**WORK REQUIRED**
Starting at the line that contains "Polres Lampung Selatan", print each line exactly through the end of the listing. Skip any pictures and add nothing.

-- Opening Marker --

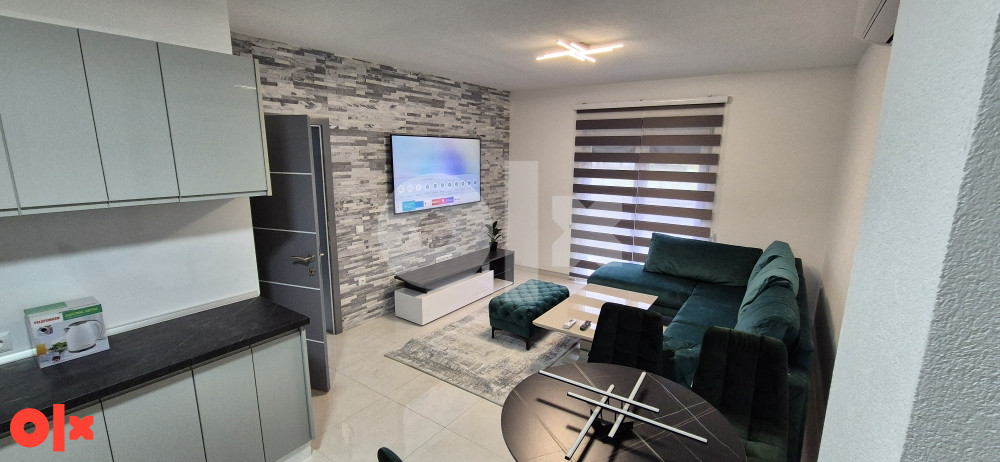 Kuca sa bazenom, stan na dan, apartman **061412226 8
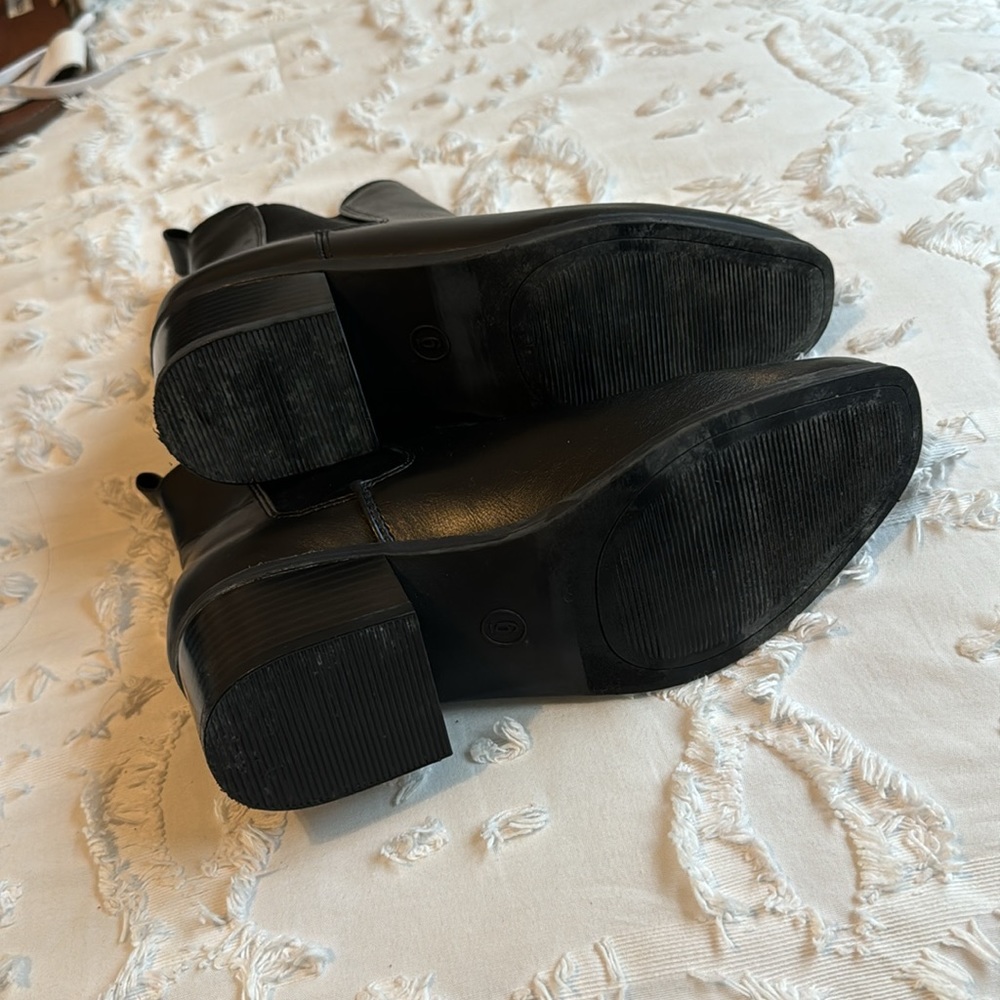 Booties - Picture 4 of 4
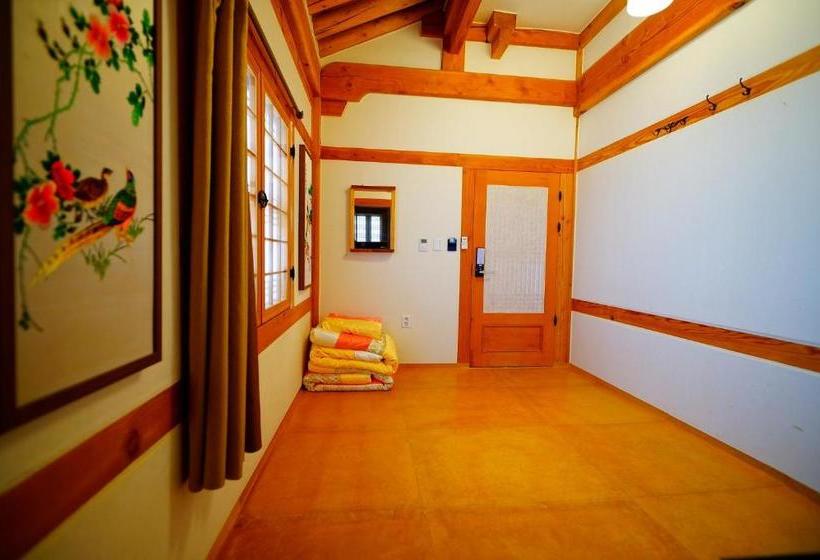 بنسيون Norijam Hanok Traditional House Two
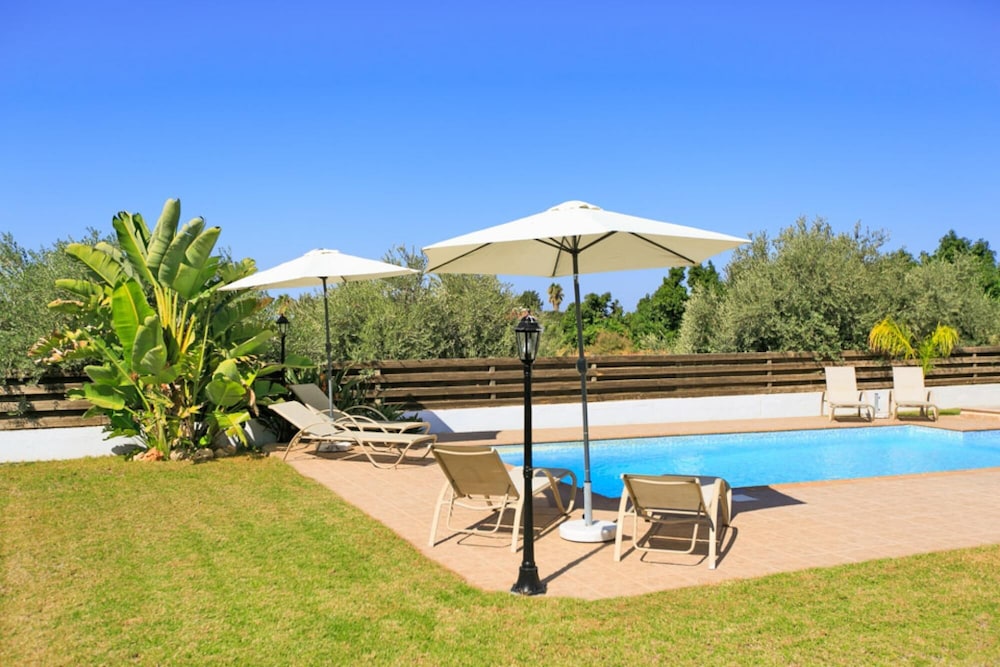Villa Rose Large Private Pool Walk to Beach Sea Views A C Wifi - 2184 view 5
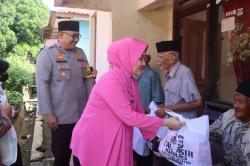 Polres Lampung Selatan Gelar Bakti Sosial di Panti Jompo Tresna Werdha Natar.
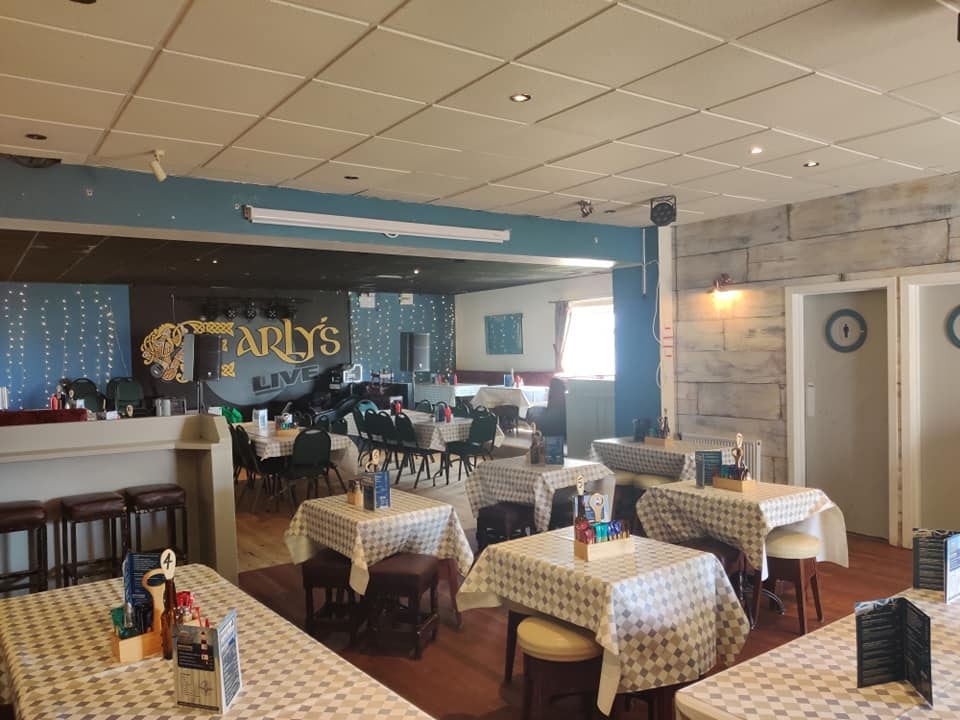 Early’s Bar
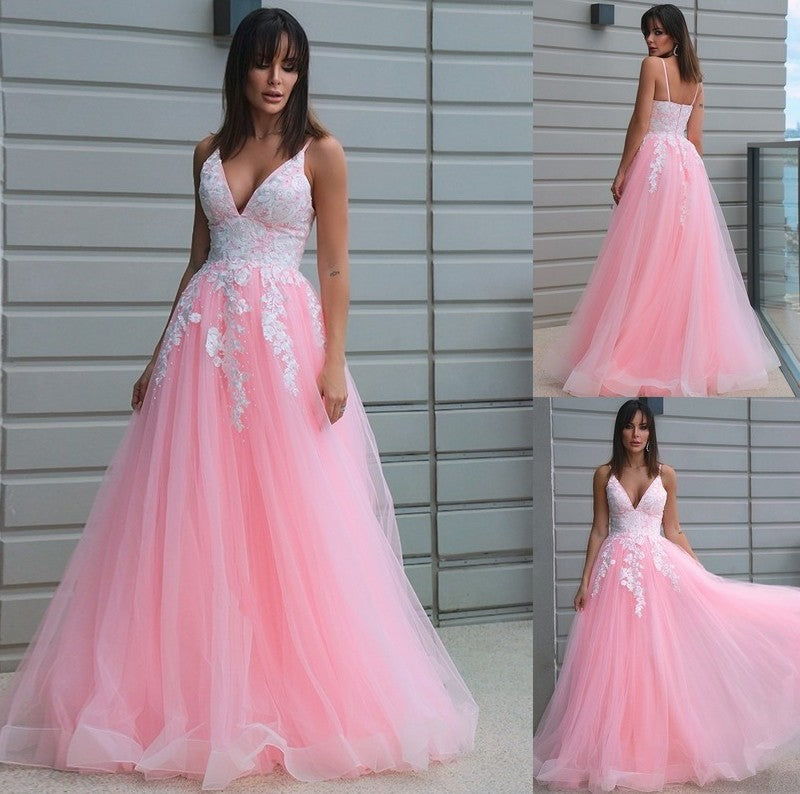 A-Line/Princess Tulle Applique V-neck Sleeveless Floor-Length Dresses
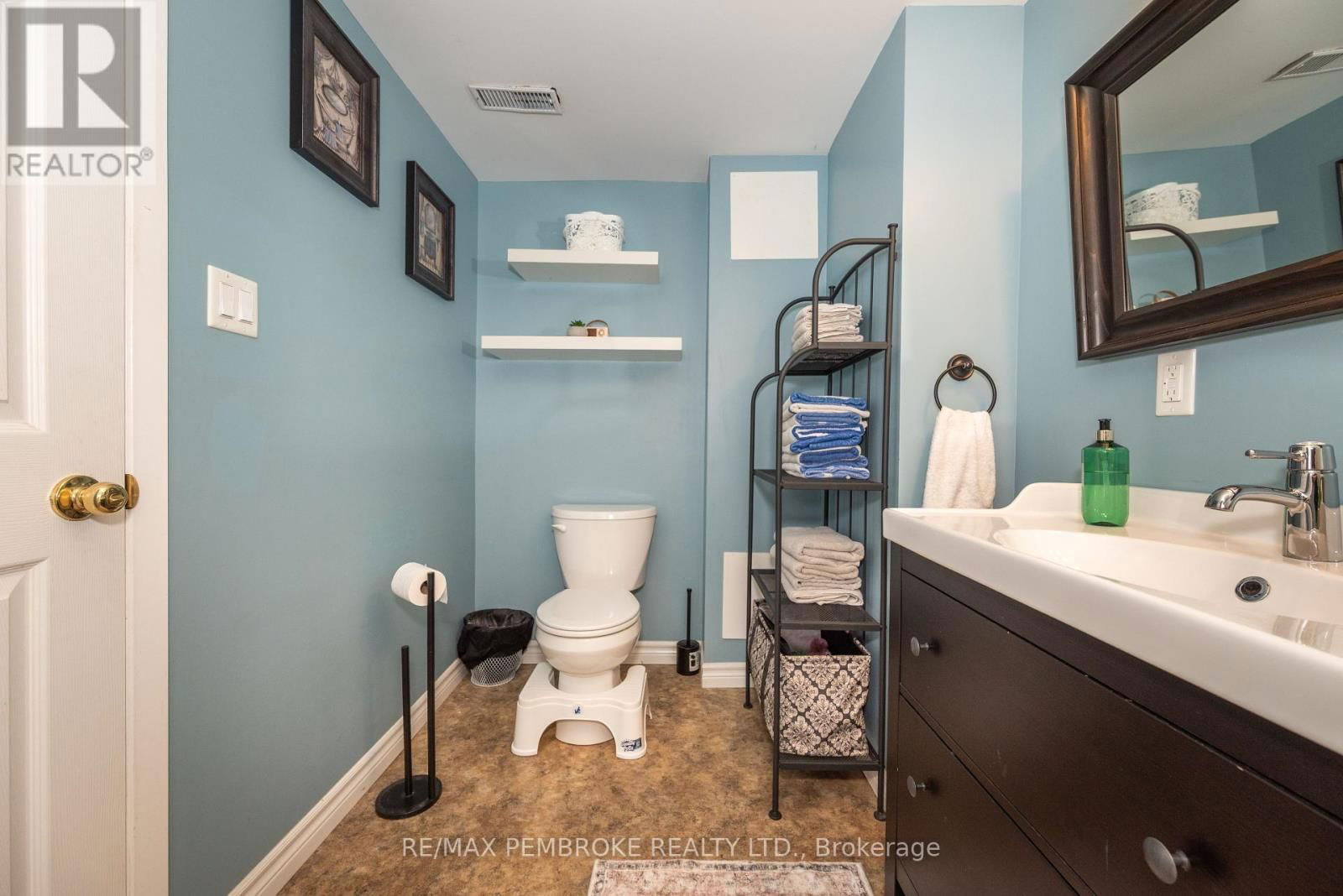 10 PINE PLACE Image 35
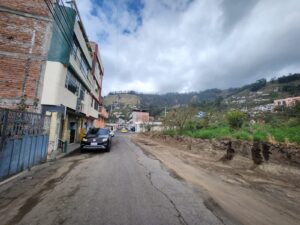Vecinos de Pinllo molestos por calle en mal estado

-- Closing Marker --

**RESULT OF THE EXERCISE**
 Polres Lampung Selatan Gelar Bakti Sosial di Panti Jompo Tresna Werdha Natar.
 Early’s Bar
 A-Line/Princess Tulle Applique V-neck Sleeveless Floor-Length Dresses
 10 PINE PLACE Image 35
Vecinos de Pinllo molestos por calle en mal estado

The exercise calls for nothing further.